* **Dataset extract**

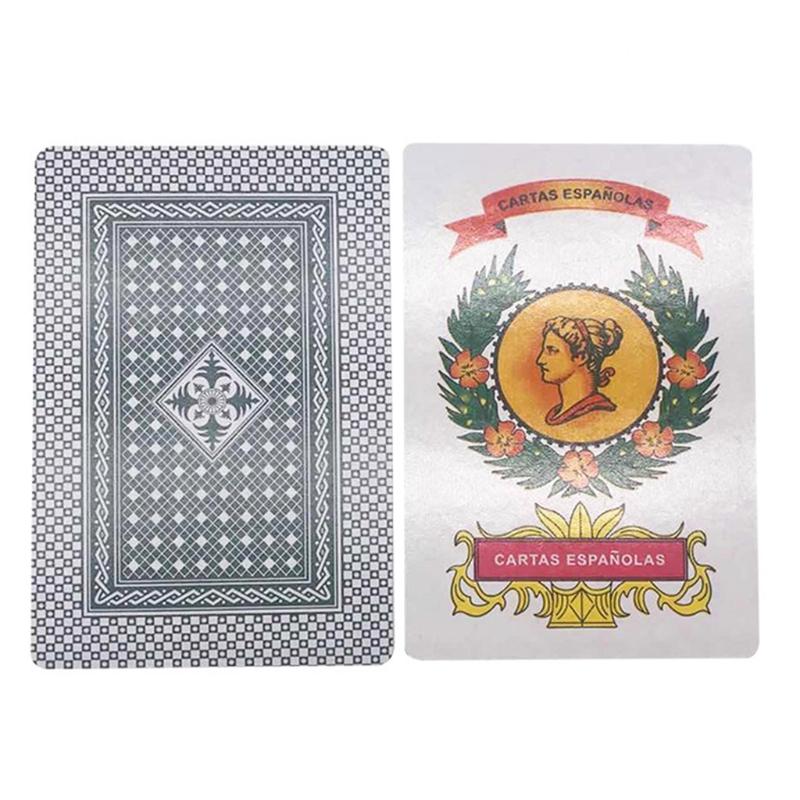 50 Cards Deck Spanish Playing Cards Magic Props Family Party Board Game Poker Cards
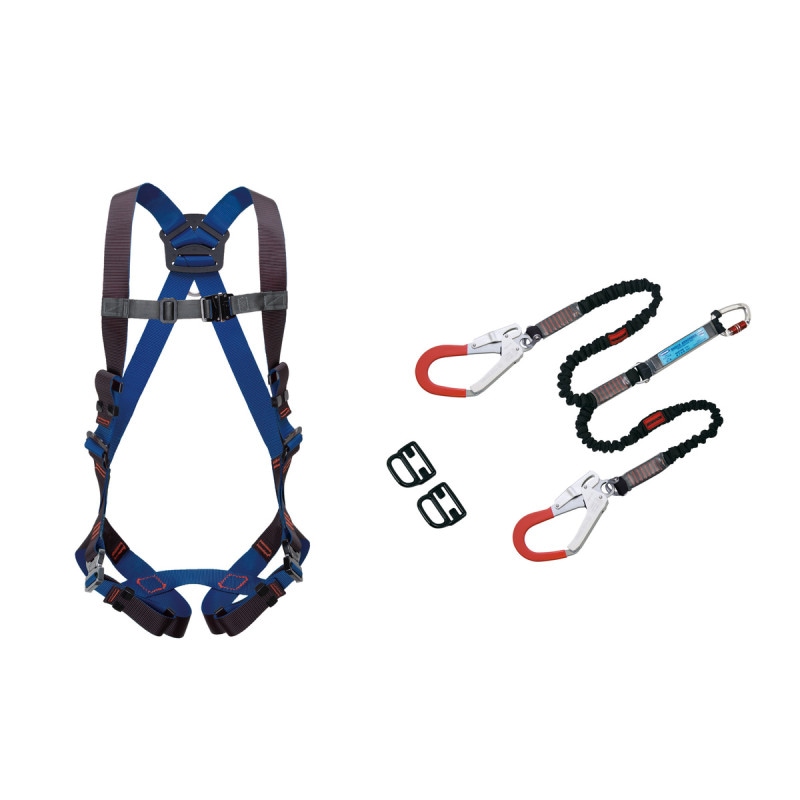 【送料無料】ウイザ WIZA ツヨロン レヴォ ハーネス ブルー M ツインランヤード付 TH508OTBKBLM+2NV21KSBK2R23AKS アークランズ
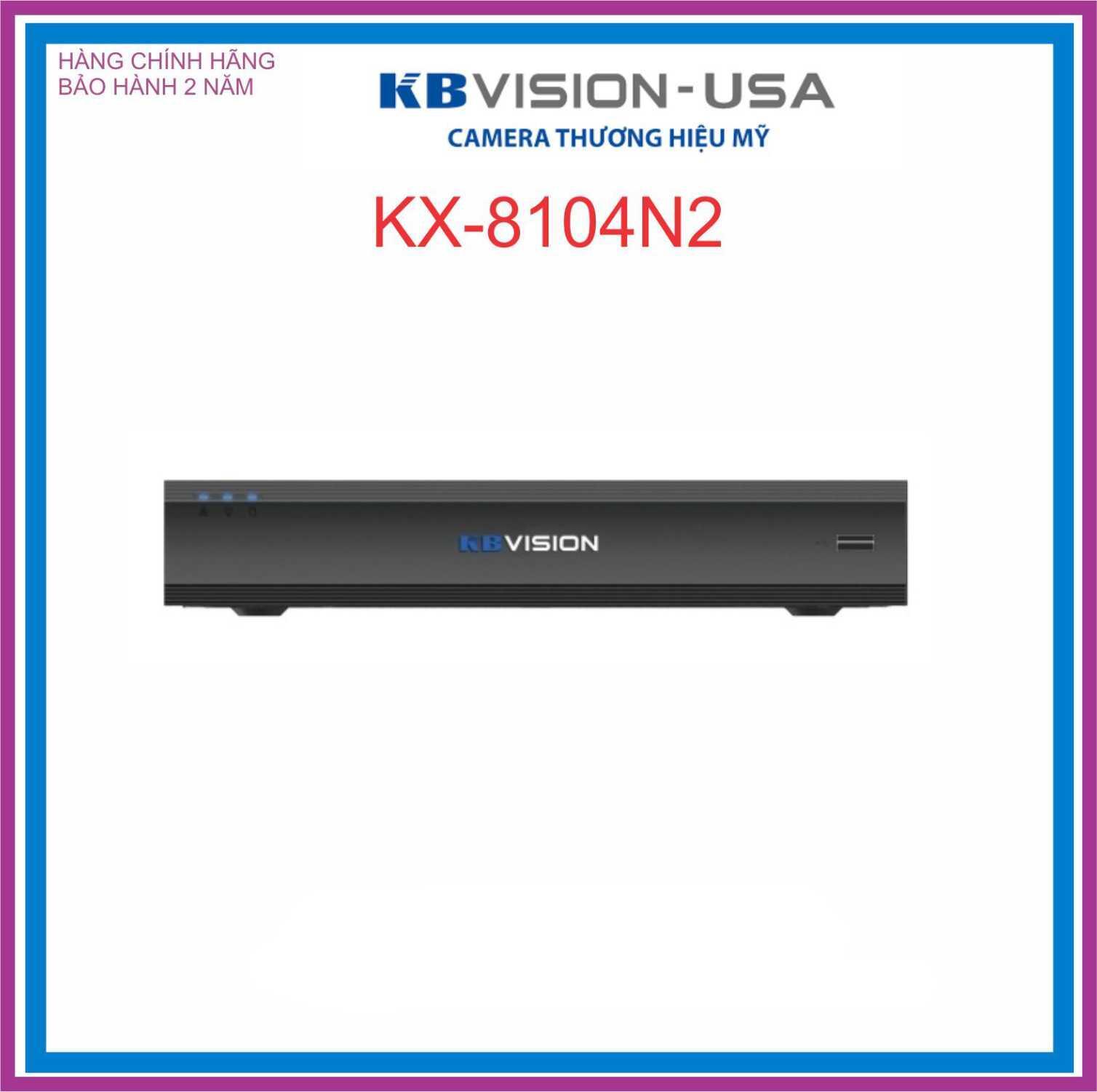 Đầu ghi hình ip 4 kênh kbvision kx-8104n2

* **What you need to do**
Having located the line with "ツインランヤード付 TH508OTBKBLM+2NV21KSBK2R23AKS アークランズ", copy it exactly along with every later line through the end of the listing above, but omit the pictures.

* **Task response**
 【送料無料】ウイザ WIZA ツヨロン レヴォ ハーネス ブルー M ツインランヤード付 TH508OTBKBLM+2NV21KSBK2R23AKS アークランズ
 Đầu ghi hình ip 4 kênh kbvision kx-8104n2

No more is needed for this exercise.